*Task item:*
Output the data below only from the line containing "EISHOW Unisex Kids" up to and including the line containing "GIACCA IN SHEARLING - BROWN", exact and with the pictures left out.

--- START ---

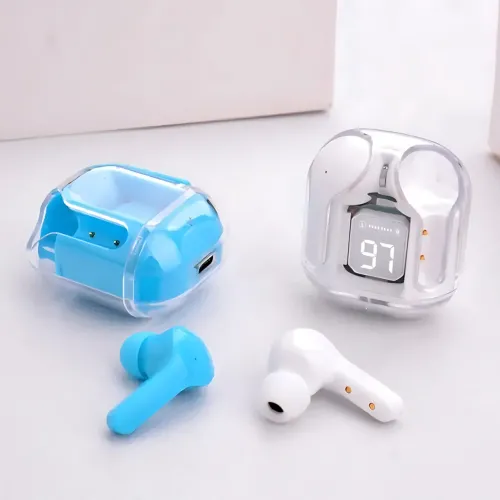Бездротові навушники Bluetooth ultrapods з мікрофоном, 250 мА·год, сумісні з Android і Apple, діапазон 10 м Білий - фото 18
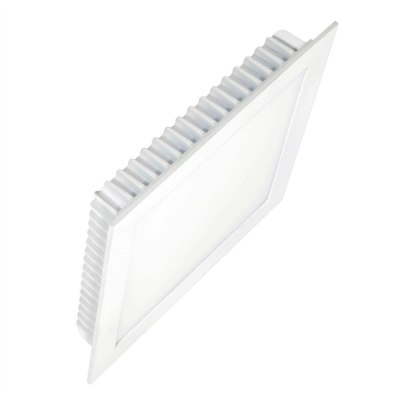 Mostrar detalles para 11W Slim Square White LED WW 127V Downlight Imagen de 11W Slim Square White LED WW 127V Downlight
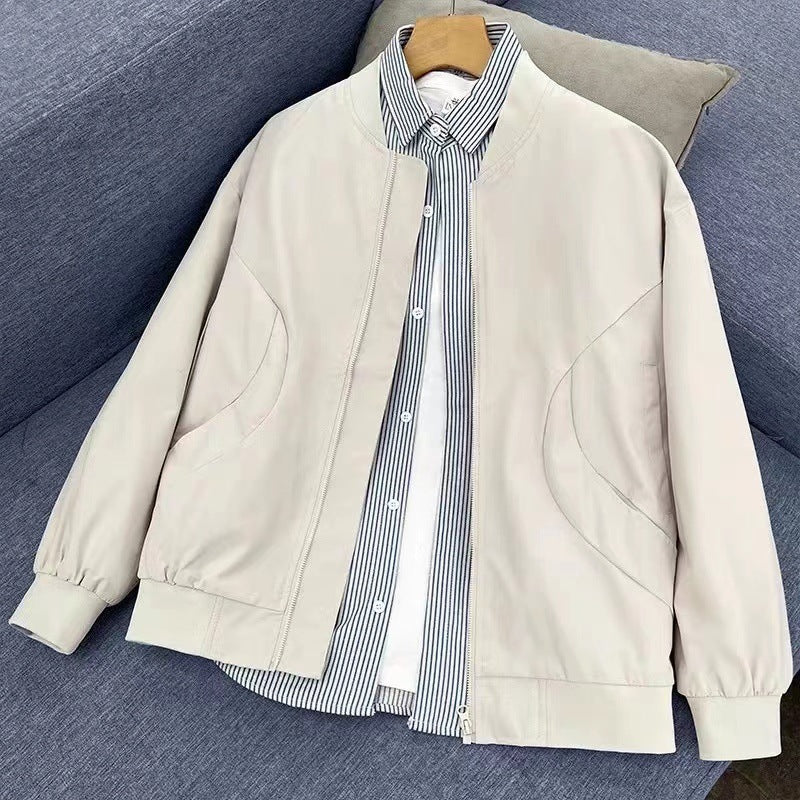 Men's sporty transitional jacket with high collar and pockets Mune Fashion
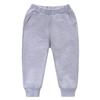 EISHOW Unisex Kids Cotton Pants, Toddler Baby Solid Jogger Sweatpants Athletic Pants Elastic Trousers Bottoms with Pockets (Gray,18-24 Months,18 Months,24 Months) view 1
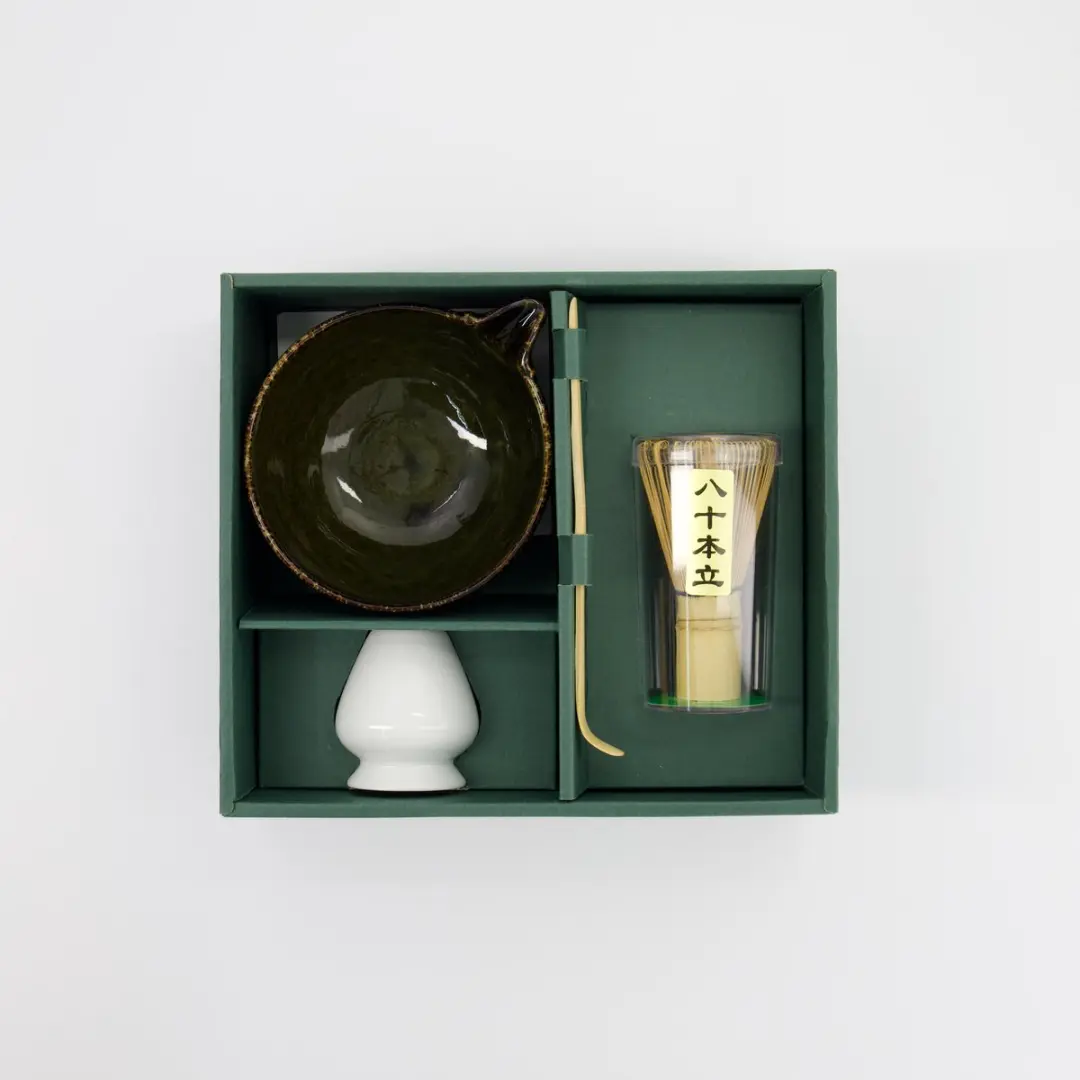 Tokyo Design Studio Matcha Giftset Amano Oribe - 4 Stuks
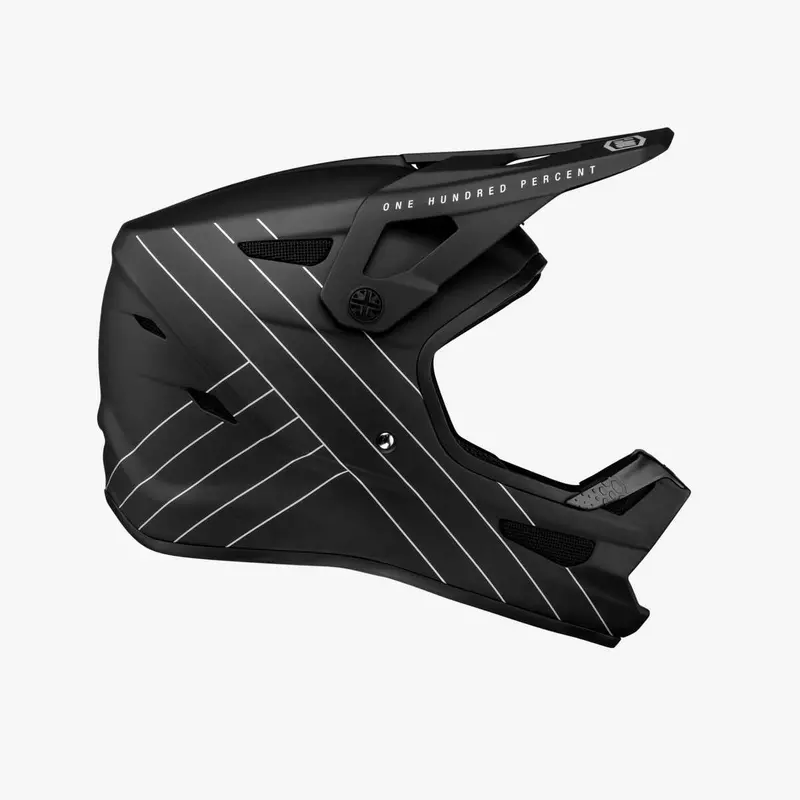 100% Status Helmet - Black 1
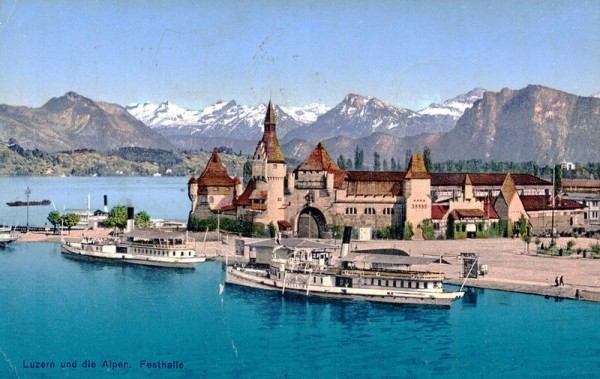 Luzern und die Alpen, Festhalle Vorderseite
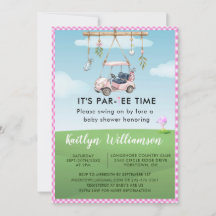 Charmante Golf Roze Par-Tee Baby Shower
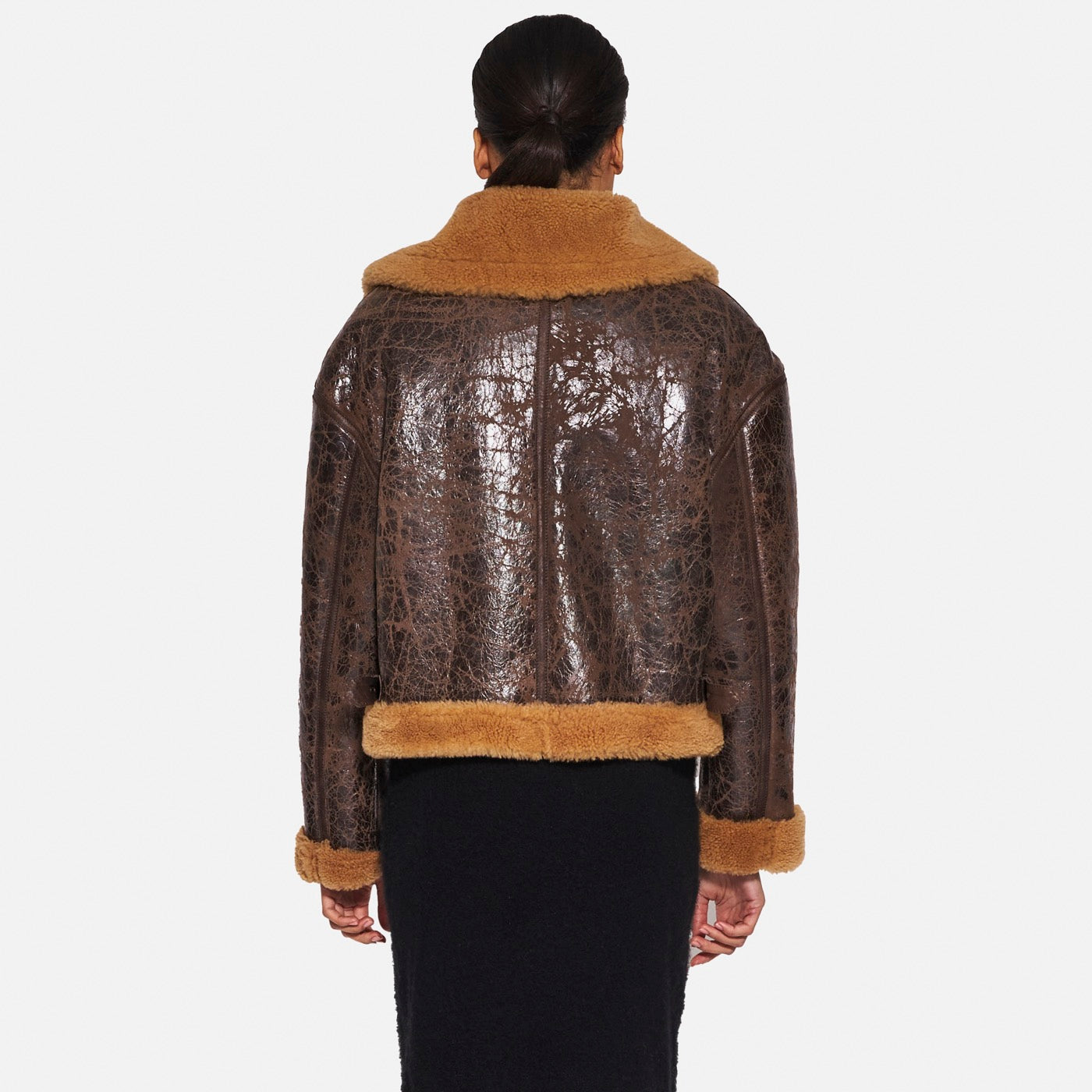 GIACCA IN SHEARLING - BROWN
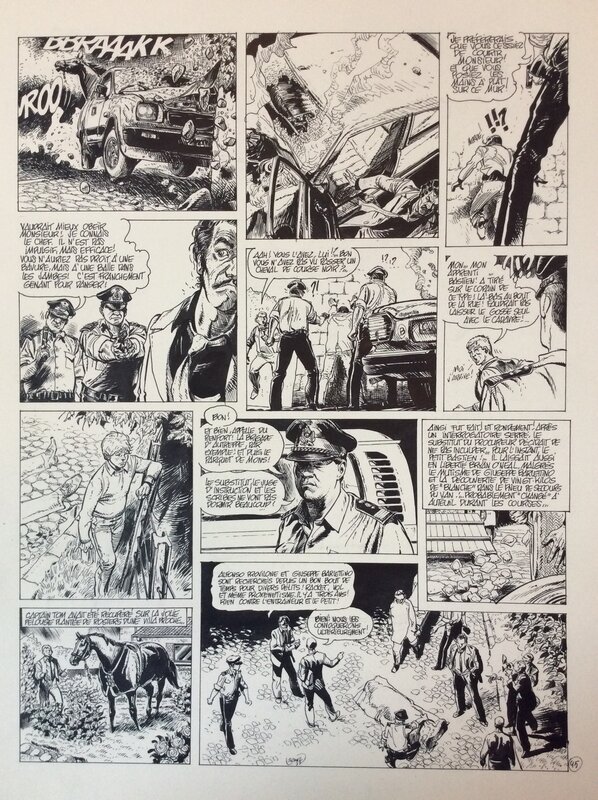 Franz, Captain Tom - Et que ça saute ! - Planche originale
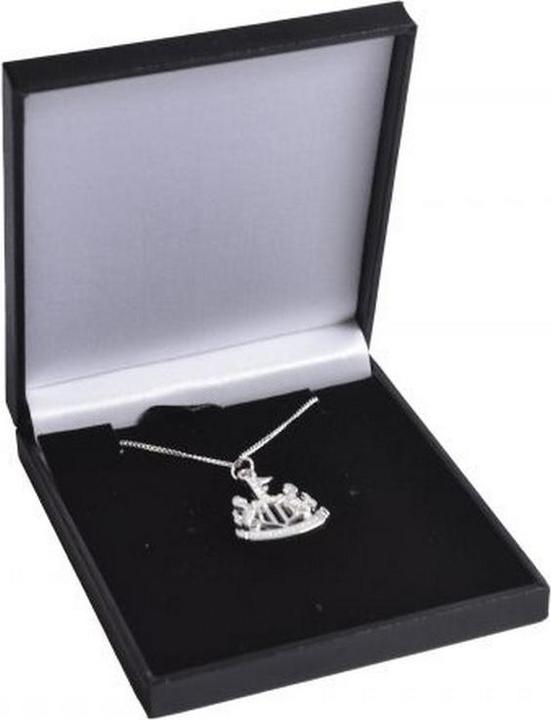Immagine prodotto Newcastle United FC Verniciato d'Argento Stemma Collana e Ciondolo (100% materiale sintetico)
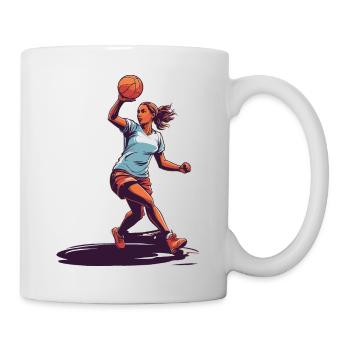 Handball player streetwear Iconic style - Mug - white - Right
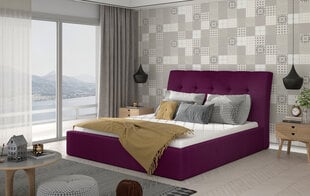 Кровать NORE Inge 08, 140x200 см, фиолетовая цена и информация | Кровати | 220.lv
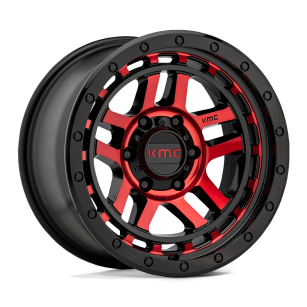 Felga aluminiowa KM540 RECON Gloss Black Machined W/ Red Tint KMC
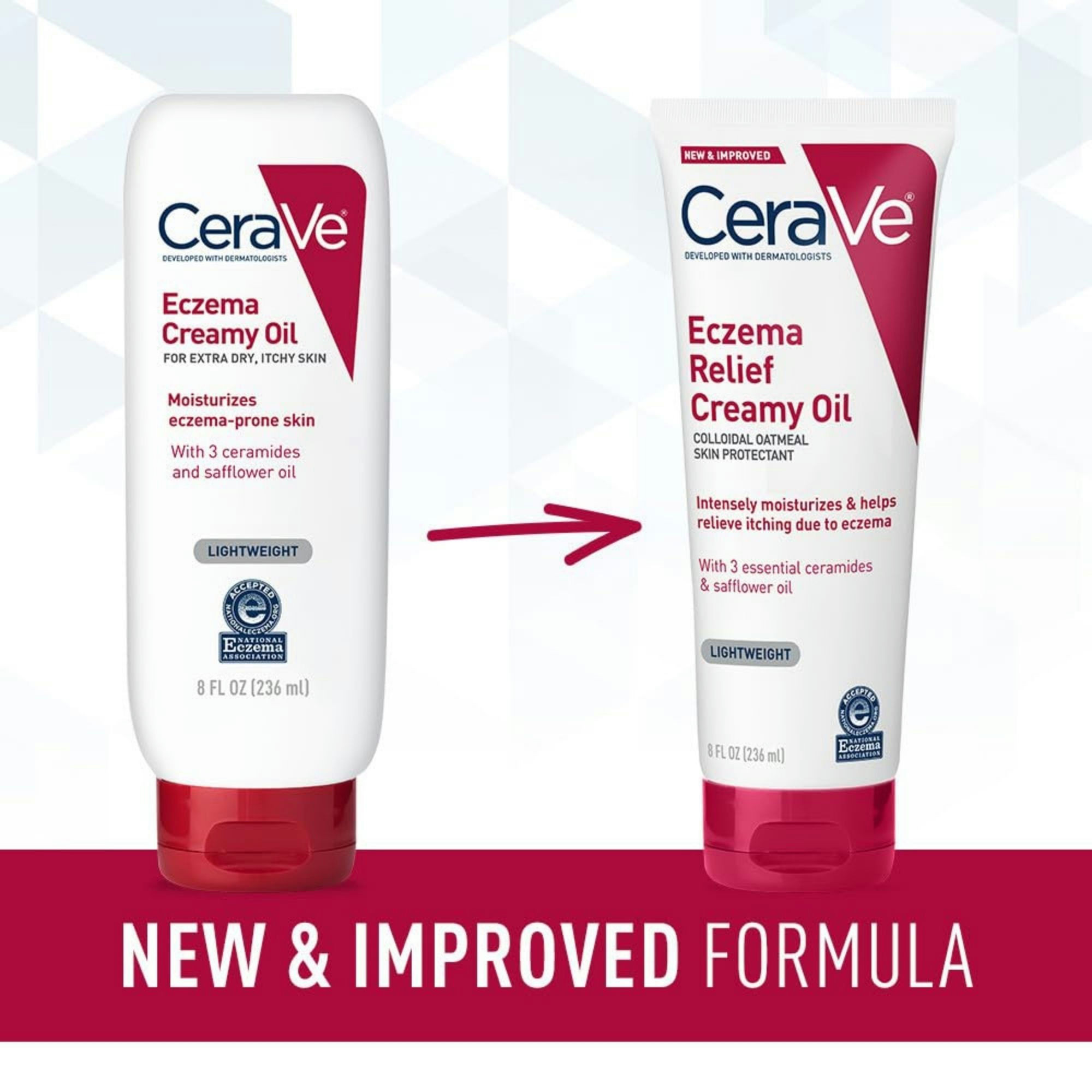 CeraVe Eczema Relief Creamy Oil Colloidal Oatmeal Skin Protectant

--- END ---

*Result for this exercise:*
 EISHOW Unisex Kids Cotton Pants, Toddler Baby Solid Jogger Sweatpants Athletic Pants Elastic Trousers Bottoms with Pockets (Gray,18-24 Months,18 Months,24 Months) view 1
 Tokyo Design Studio Matcha Giftset Amano Oribe - 4 Stuks
 100% Status Helmet - Black 1
 Luzern und die Alpen, Festhalle Vorderseite
 Charmante Golf Roze Par-Tee Baby Shower
 GIACCA IN SHEARLING - BROWN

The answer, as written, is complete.